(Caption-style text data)
==================================================

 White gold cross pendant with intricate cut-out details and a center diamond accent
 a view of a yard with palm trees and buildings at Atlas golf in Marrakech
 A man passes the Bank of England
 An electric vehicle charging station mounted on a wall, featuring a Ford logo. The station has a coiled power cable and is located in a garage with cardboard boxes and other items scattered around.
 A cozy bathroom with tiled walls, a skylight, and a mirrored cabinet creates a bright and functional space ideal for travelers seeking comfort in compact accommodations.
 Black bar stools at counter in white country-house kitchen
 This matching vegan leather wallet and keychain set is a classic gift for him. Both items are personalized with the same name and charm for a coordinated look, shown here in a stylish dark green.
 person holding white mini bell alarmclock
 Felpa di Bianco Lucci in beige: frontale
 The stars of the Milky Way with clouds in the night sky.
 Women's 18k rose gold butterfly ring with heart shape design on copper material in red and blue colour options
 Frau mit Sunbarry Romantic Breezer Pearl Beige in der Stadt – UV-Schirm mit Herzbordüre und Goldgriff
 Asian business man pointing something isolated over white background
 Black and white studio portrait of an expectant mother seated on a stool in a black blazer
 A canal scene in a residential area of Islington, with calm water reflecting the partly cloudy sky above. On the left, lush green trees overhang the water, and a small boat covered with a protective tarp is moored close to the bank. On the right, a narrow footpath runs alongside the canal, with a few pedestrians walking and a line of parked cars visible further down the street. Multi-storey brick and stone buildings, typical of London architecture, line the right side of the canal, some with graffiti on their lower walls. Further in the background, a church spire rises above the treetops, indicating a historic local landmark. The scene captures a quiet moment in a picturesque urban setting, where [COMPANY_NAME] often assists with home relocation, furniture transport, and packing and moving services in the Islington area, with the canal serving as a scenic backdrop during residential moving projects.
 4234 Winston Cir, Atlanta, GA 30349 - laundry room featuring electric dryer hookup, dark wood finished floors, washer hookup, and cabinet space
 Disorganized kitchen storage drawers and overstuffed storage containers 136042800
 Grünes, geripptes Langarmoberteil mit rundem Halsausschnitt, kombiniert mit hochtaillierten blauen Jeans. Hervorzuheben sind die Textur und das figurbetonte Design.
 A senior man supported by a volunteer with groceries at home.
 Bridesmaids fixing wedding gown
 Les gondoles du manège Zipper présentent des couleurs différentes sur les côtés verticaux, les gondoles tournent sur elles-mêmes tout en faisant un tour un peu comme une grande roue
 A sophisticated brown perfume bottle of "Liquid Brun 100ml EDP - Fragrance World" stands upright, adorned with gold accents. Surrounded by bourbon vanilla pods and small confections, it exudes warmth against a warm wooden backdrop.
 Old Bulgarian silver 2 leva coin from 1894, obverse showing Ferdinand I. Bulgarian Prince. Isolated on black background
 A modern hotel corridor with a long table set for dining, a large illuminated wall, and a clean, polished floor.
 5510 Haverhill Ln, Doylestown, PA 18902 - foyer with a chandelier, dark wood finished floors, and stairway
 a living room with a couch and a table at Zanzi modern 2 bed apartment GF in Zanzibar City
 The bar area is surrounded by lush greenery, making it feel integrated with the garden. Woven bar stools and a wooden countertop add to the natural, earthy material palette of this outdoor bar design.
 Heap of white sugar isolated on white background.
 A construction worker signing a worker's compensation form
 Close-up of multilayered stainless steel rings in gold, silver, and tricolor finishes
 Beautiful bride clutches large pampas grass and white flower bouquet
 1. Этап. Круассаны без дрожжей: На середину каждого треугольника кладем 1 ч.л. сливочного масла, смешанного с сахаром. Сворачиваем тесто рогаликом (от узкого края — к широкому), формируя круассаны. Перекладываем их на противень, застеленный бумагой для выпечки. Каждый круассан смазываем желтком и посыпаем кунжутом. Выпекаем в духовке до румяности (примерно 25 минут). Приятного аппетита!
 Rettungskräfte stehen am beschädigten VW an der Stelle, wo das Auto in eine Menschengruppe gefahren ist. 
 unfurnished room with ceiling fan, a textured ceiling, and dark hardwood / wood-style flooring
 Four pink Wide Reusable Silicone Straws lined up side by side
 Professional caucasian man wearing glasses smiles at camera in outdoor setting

==================================================

→ **Problem requirements**:
You are asked to copy all of the entries above exactly.

→ **Task answer**:
 White gold cross pendant with intricate cut-out details and a center diamond accent
 a view of a yard with palm trees and buildings at Atlas golf in Marrakech
 A man passes the Bank of England
 An electric vehicle charging station mounted on a wall, featuring a Ford logo. The station has a coiled power cable and is located in a garage with cardboard boxes and other items scattered around.
 A cozy bathroom with tiled walls, a skylight, and a mirrored cabinet creates a bright and functional space ideal for travelers seeking comfort in compact accommodations.
 Black bar stools at counter in white country-house kitchen
 This matching vegan leather wallet and keychain set is a classic gift for him. Both items are personalized with the same name and charm for a coordinated look, shown here in a stylish dark green.
 person holding white mini bell alarmclock
 Felpa di Bianco Lucci in beige: frontale
 The stars of the Milky Way with clouds in the night sky.
 Women's 18k rose gold butterfly ring with heart shape design on copper material in red and blue colour options
 Frau mit Sunbarry Romantic Breezer Pearl Beige in der Stadt – UV-Schirm mit Herzbordüre und Goldgriff
 Asian business man pointing something isolated over white background
 Black and white studio portrait of an expectant mother seated on a stool in a black blazer
 A canal scene in a residential area of Islington, with calm water reflecting the partly cloudy sky above. On the left, lush green trees overhang the water, and a small boat covered with a protective tarp is moored close to the bank. On the right, a narrow footpath runs alongside the canal, with a few pedestrians walking and a line of parked cars visible further down the street. Multi-storey brick and stone buildings, typical of London architecture, line the right side of the canal, some with graffiti on their lower walls. Further in the background, a church spire rises above the treetops, indicating a historic local landmark. The scene captures a quiet moment in a picturesque urban setting, where [COMPANY_NAME] often assists with home relocation, furniture transport, and packing and moving services in the Islington area, with the canal serving as a scenic backdrop during residential moving projects.
 4234 Winston Cir, Atlanta, GA 30349 - laundry room featuring electric dryer hookup, dark wood finished floors, washer hookup, and cabinet space
 Disorganized kitchen storage drawers and overstuffed storage containers 136042800
 Grünes, geripptes Langarmoberteil mit rundem Halsausschnitt, kombiniert mit hochtaillierten blauen Jeans. Hervorzuheben sind die Textur und das figurbetonte Design.
 A senior man supported by a volunteer with groceries at home.
 Bridesmaids fixing wedding gown
 Les gondoles du manège Zipper présentent des couleurs différentes sur les côtés verticaux, les gondoles tournent sur elles-mêmes tout en faisant un tour un peu comme une grande roue
 A sophisticated brown perfume bottle of "Liquid Brun 100ml EDP - Fragrance World" stands upright, adorned with gold accents. Surrounded by bourbon vanilla pods and small confections, it exudes warmth against a warm wooden backdrop.
 Old Bulgarian silver 2 leva coin from 1894, obverse showing Ferdinand I. Bulgarian Prince. Isolated on black background
 A modern hotel corridor with a long table set for dining, a large illuminated wall, and a clean, polished floor.
 5510 Haverhill Ln, Doylestown, PA 18902 - foyer with a chandelier, dark wood finished floors, and stairway
 a living room with a couch and a table at Zanzi modern 2 bed apartment GF in Zanzibar City
 The bar area is surrounded by lush greenery, making it feel integrated with the garden. Woven bar stools and a wooden countertop add to the natural, earthy material palette of this outdoor bar design.
 Heap of white sugar isolated on white background.
 A construction worker signing a worker's compensation form
 Close-up of multilayered stainless steel rings in gold, silver, and tricolor finishes
 Beautiful bride clutches large pampas grass and white flower bouquet
 1. Этап. Круассаны без дрожжей: На середину каждого треугольника кладем 1 ч.л. сливочного масла, смешанного с сахаром. Сворачиваем тесто рогаликом (от узкого края — к широкому), формируя круассаны. Перекладываем их на противень, застеленный бумагой для выпечки. Каждый круассан смазываем желтком и посыпаем кунжутом. Выпекаем в духовке до румяности (примерно 25 минут). Приятного аппетита!
 Rettungskräfte stehen am beschädigten VW an der Stelle, wo das Auto in eine Menschengruppe gefahren ist. 
 unfurnished room with ceiling fan, a textured ceiling, and dark hardwood / wood-style flooring
 Four pink Wide Reusable Silicone Straws lined up side by side
 Professional caucasian man wearing glasses smiles at camera in outdoor setting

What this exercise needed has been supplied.